Na semana passada, a Anatel anunciou a transferência do início das operações da Intelig, prevista para ocorrer a partir de 31 de dezembro, para o período compreendido entre 10 a 24 de janeiro. A justificativa adotada foi um pedido do Fórum Telecomunicações e Programa Ano 2000, que pediu o adiamento para evitar "alterações significativas na rede de telecomunicações no período de 18 de dezembro a 9 de janeiro de 2000".
No dia 17 de dezembro, depois das críticas de Pimenta da Veiga, o presidente da Anatel, Renato Navarro Guerreiro, afirmou que a agência já decidiu que será necessária a saída da empresa americana Sprint da Intelig ou o afastamento da também americana MCI da Embratel. Só desta forma as duas operadoras de longa distância poderão funcionar de acordo com a legislação brasileira.

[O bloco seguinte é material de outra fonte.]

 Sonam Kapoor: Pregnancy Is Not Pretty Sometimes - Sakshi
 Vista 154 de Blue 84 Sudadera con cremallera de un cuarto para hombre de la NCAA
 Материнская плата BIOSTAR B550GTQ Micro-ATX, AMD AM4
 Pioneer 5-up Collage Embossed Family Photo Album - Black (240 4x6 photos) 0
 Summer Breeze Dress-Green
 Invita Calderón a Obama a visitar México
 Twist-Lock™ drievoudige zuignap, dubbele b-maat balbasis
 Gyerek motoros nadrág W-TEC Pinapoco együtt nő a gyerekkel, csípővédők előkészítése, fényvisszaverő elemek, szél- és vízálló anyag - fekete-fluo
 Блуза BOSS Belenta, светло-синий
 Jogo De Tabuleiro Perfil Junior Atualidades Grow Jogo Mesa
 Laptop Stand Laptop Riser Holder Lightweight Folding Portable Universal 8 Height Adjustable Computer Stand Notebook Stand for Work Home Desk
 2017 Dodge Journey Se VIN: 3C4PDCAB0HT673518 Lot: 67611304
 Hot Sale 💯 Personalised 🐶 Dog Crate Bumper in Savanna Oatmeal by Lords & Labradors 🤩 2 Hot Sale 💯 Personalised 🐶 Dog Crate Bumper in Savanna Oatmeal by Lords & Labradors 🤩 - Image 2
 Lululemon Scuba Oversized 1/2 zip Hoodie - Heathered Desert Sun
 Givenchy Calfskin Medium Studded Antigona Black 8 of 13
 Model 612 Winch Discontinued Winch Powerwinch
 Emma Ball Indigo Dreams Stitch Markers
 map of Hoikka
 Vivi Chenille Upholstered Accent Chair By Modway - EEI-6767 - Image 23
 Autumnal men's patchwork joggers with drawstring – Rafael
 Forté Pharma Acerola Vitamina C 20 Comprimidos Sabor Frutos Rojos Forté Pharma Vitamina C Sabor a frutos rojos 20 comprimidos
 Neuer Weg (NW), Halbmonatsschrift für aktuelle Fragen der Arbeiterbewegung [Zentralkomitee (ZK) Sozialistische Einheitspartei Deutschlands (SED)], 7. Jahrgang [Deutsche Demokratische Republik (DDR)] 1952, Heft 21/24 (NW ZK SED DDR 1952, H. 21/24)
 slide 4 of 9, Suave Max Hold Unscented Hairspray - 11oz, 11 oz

Esta solução só não foi adotada porque a Anatel ainda estaria estudando juridicamente a melhor forma de tratar o assunto. "Estamos analisando a fundamentação para determinar um caminho ou outro", afirmou Guerreiro. "O que sempre dissemos é que não admitiríamos a presença das duas no mercado, faríamos na maior velocidade possível mas também com a maior segurança", disse o presidente da agência.